Álvaro de Matos-Rainho e o motorista da Borrona

Era domingo e bem cedo ainda, a lua vogava bem alto no céu estrelado.

A Banda de Mateus fazia-se transportar na camioneta de caixa aberta da Borrona, conduzida pelo motorista Ribeiro, também ele elemento da banda. Este músico de trombone, ia já fardado e para não adormecer passava a viagem em redobrados assobios, trinados de rouxinol, rebobinando-se em temas que a banda havia de tocar no grande arraial.

Na viagem havia alguém que como poeta inspirado se plasmava a olhar as serras dotadas de original grandeza. Era o caso de Álvaro Rainho, tocador afamado em trombone e mais tarde em pratos e bombo.

A Banda de Mateus rumava a Castro Daire. As estradas eram duras e tortuosas, serpenteadas e perigosas que faziam bambolear os músicos pendularmente como mãe embalando o bebé em compasso binário. O frio enregelava os corpos, humedecendo as pontas dos narizes…

Havia vastos silêncios sobre as aldeias por onde passavam… ouviam-se sons da noite que ecoavam misteriosos como zunidos de vento que adormecem os justos e os santos.

À medida que o tempo passa, a paisagem desdobra-se em pequenos regatos nostálgicos, em ravinas abruptas, em pequenos lugares cheios de encantos abençoados por pequenas capelinhas e gado a pastar nos vales.

Já no despertar da aurora, na aldeia de Moura Morta, bem perto da Capela de Nossa Senhora da Ouvida, mexiam-se pessoas de pé descalço, maltrapilhos do farrapo, rostos pálidos da fome e dos sonhos frustrados.

A Banda de Mateus ia confrontar-se com a famosa Banda Musical Rerizense, dirigida pelo regente Pinto Osório, pontificando nela um naipe de trombones temido em bandas das redondezas.

O arraial foi renhido na disputa das filarmónicas. A Banda de Mateus dizia-se, que deu uma valente coça na sua rival. Os de lá tinham uma opinião contrária.

Já no final, Álvaro Rainho abordou o mestre da Banda de Reriz com sorriso triunfante e um tanto provocador: – Então senhor Mestre, ouvi dizer que tem aqui uns bons trombones, mas não os ouvi… – Resposta envergonhada: – Pois, quando eles souberam que Mateus trazia o Rainho e o Ribeiro, ia-lhes dando o fanico, eu bem puxava por eles, mas das suas campânulas só saíam pífios sons como reza de velha em ato de confissão.

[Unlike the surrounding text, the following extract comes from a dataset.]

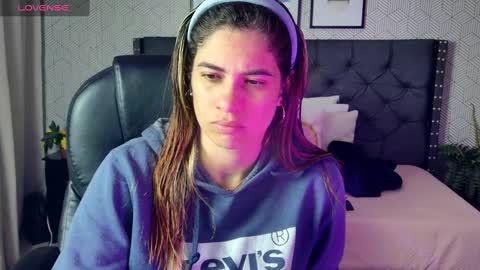   online show from January 4, 12:27 pm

A homenagem que presto a músicos desta estirpe, representa um indeclinável dever, porque eles foram traves e candeias que derem força à alma de músicos vindouros. Eles são uma espécie de musas inspiradoras.

Os dois foram eminentes artistas no conjunto fulgurante da espiritualidade excelsa de outros músicos que pontificam no quadro de honra da história da Banda de Mateus.

Histórias desta natureza nunca mais se repetem.